SWR - Screenshot aus der Sendung
In Folge dieser Katastrophe erkannte man die Bedeutung des Gewässerschutzes. Es wurde eine Vielzahl von Klärwerken errichtet und die Sicherheitsnormen der Industrieanlagen wurden erhöht. Zwischen Basel und der holländischen Grenze wurden sieben Wasserkontrollstationen eingerichtet, die ständig die Wasserqualität überprüfen und im Gefahrenfall (Schiffshavarie oder Fehleinleitung chemischer Abwässer) sofort reagieren können.
Zur Früherkennung von chemischen Verunreinigungen werden verschiedene Verfahren eingesetzt. Eines davon, das sogenannte Biomonitoring, untersucht die Giftigkeit des Rheinwassers, indem Testorganismen (z. B. Algen, Wasserflöhe, Muscheln, befruchtete Fischeier) eingesetzt werden, deren Entwicklung oder Verhalten man genau beobachtet. Zusätzlich werden täglich Wasserproben auf eine Vielzahl relevanter organischer Schadstoffe mit Hilfe modernster Technik im Labor analysiert.

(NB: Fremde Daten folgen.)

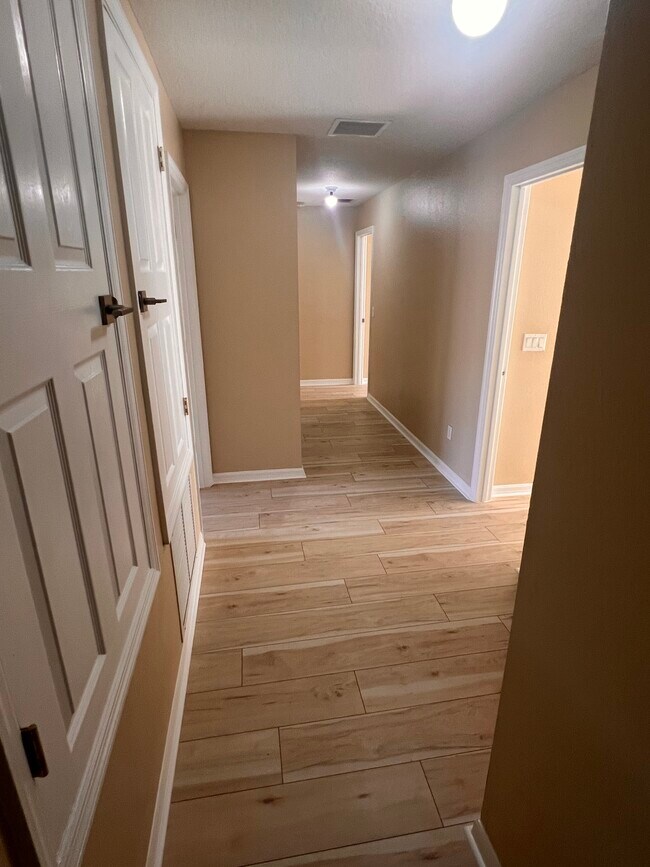 Building Photo - 652 Legacy Park Dr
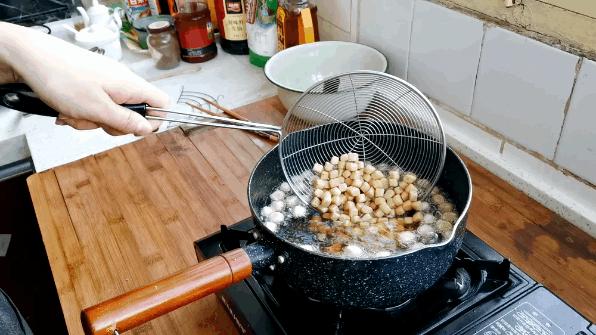 二月二零食棋子豆的家常做法,棋子豆怎么炒比较酥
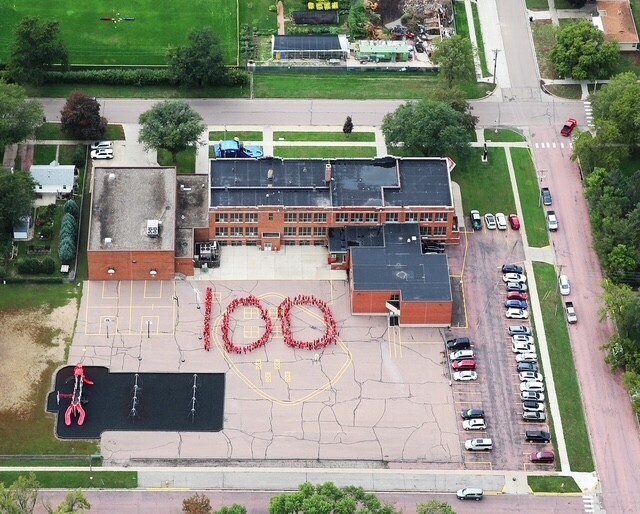 100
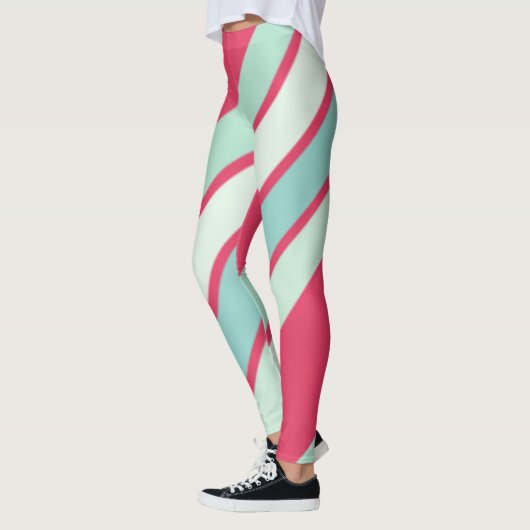 Rosa und Farbtöne der hellblauen Streifen Leggings (Links)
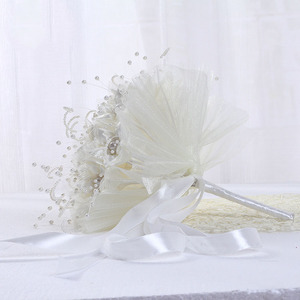 Nuovo Bouquet da Sposa 2026, Bellissimo e Romantico, con Rose Bianche in Raso di Lusso, per Damigelle, Fatto a Mano per Matrimoni - Product Image 5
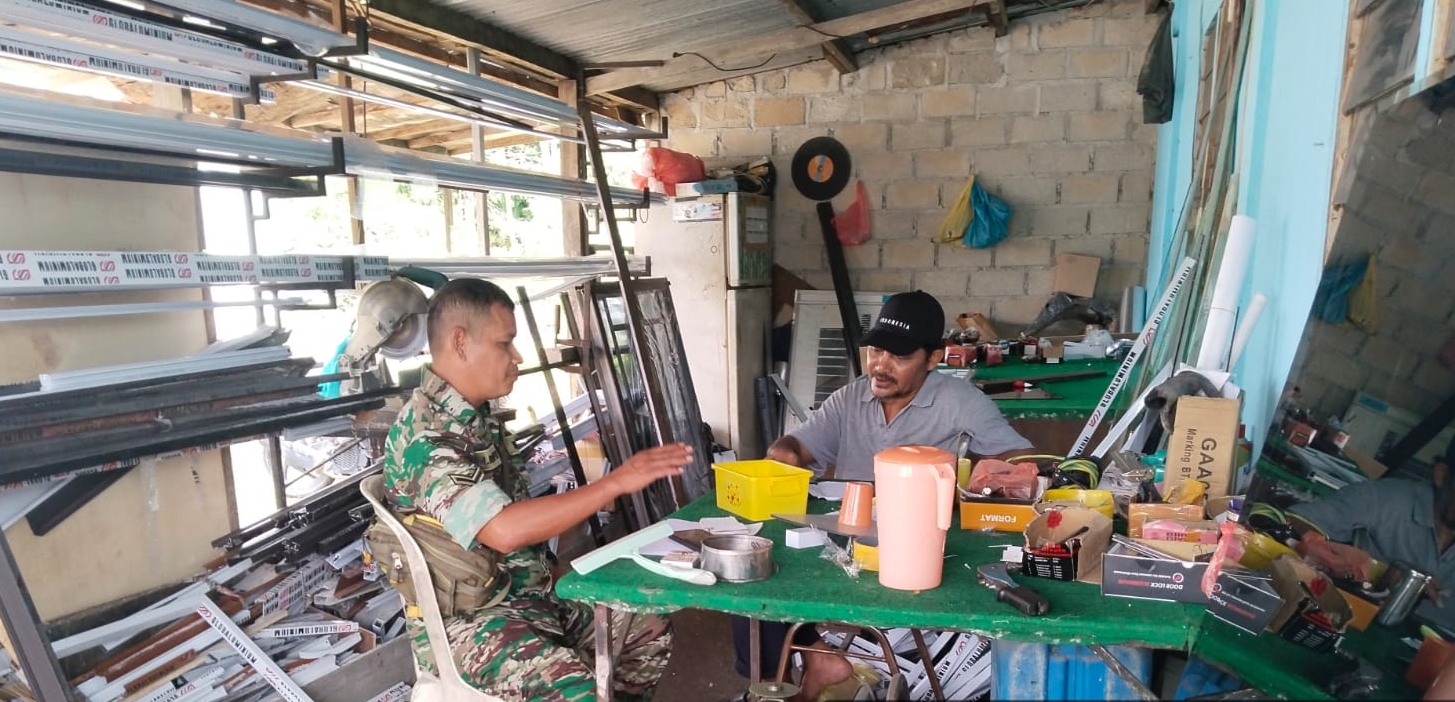 Babinsa Sungai Raya, Koramil 01/Balai, Serda Rapid melaksanakan kegiatan Komunikasi Sosial (Komsos) dengan masyarakat pekerja usaha Stenlis.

In unserer industrialisierten Gesellschaft haben die Menschen ein starkes Bedürfnis nach Naturerleben und Entspannung im Grünen. Gewässer spielen bei der Naherholung eine große Rolle. Sie bieten verschiedene Möglichkeiten für Freizeitaktivitäten wie Baden, Angeln, Kanufahren, Radfahren auf flussparallelen Radwegen, usw.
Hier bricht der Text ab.